Exercise description: Omit every picture, and retype the lines that run from the beginning of the data below through the line containing "Taille Étiquette Bleue", inclusive.

Records excerpted from a collection:
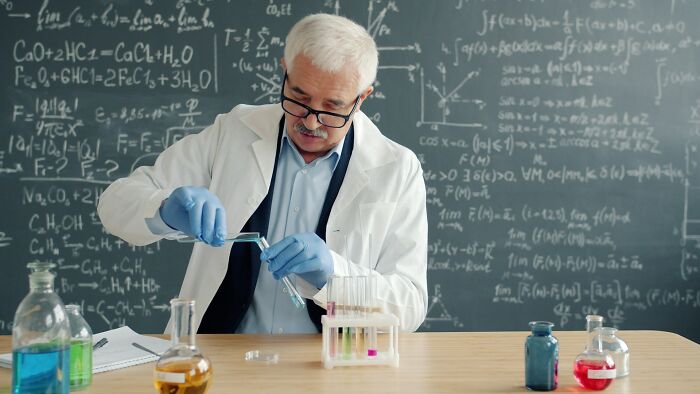 Older male scientist wearing glasses and gloves, conducting chemistry experiments in a lab with formulas on a blackboard.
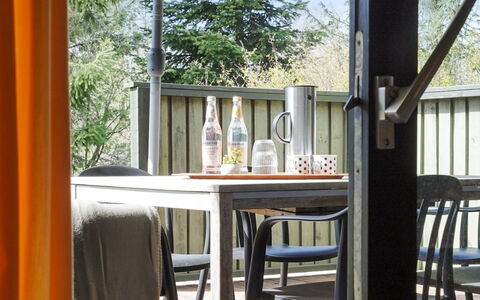 Winter - 500M from the Sea: Furniture, Wood, Chair, Outdoor Furniture, Table, Glass, Outdoor Table, Porch, Kitchen & Dining Room Table, Shade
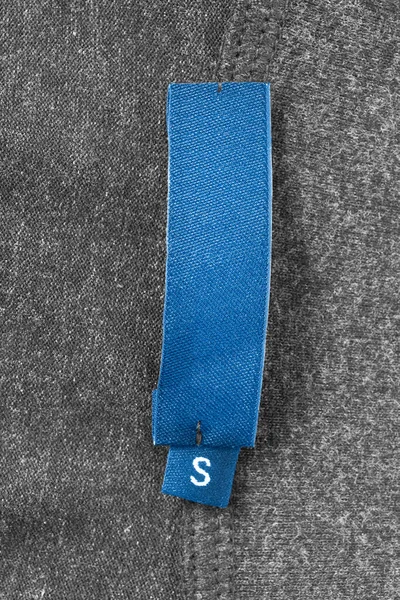 Taille Étiquette Bleue Sur Fond Gris Tricoté — Photo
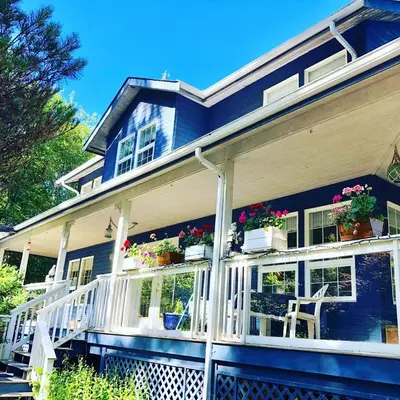 a blue house with potted plants on the front porch at Seafarer Bed & Breakfast in Tofino
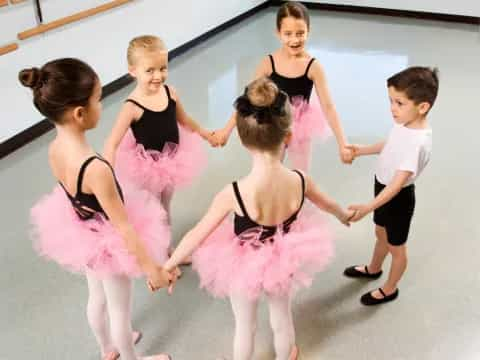 a group of children dancing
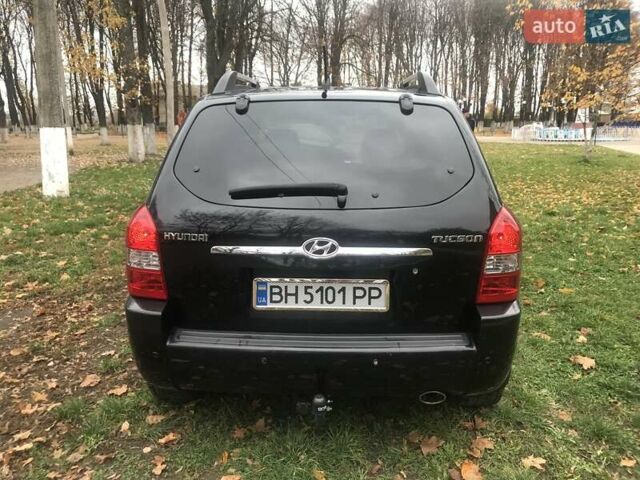 Черный Хендай Туксон, объемом двигателя 2 л и пробегом 210 тыс. км за 8999 $, фото 23 на Automoto.ua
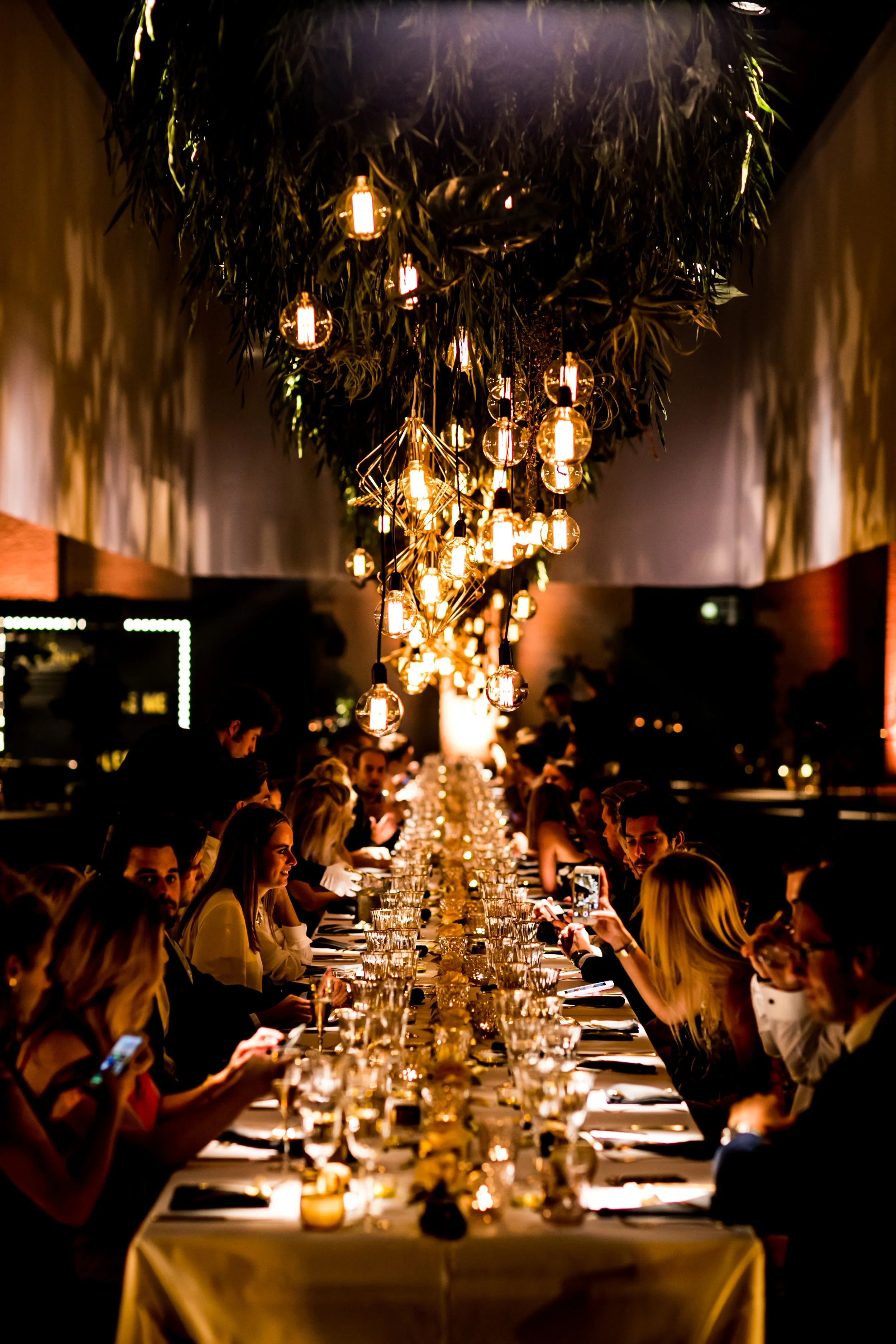 People dining at a long banquet table in a dimly lit restaurant with decorative hanging lights and lush greenery above.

Written solution:
 Older male scientist wearing glasses and gloves, conducting chemistry experiments in a lab with formulas on a blackboard.
 Winter - 500M from the Sea: Furniture, Wood, Chair, Outdoor Furniture, Table, Glass, Outdoor Table, Porch, Kitchen & Dining Room Table, Shade
 Taille Étiquette Bleue Sur Fond Gris Tricoté — Photo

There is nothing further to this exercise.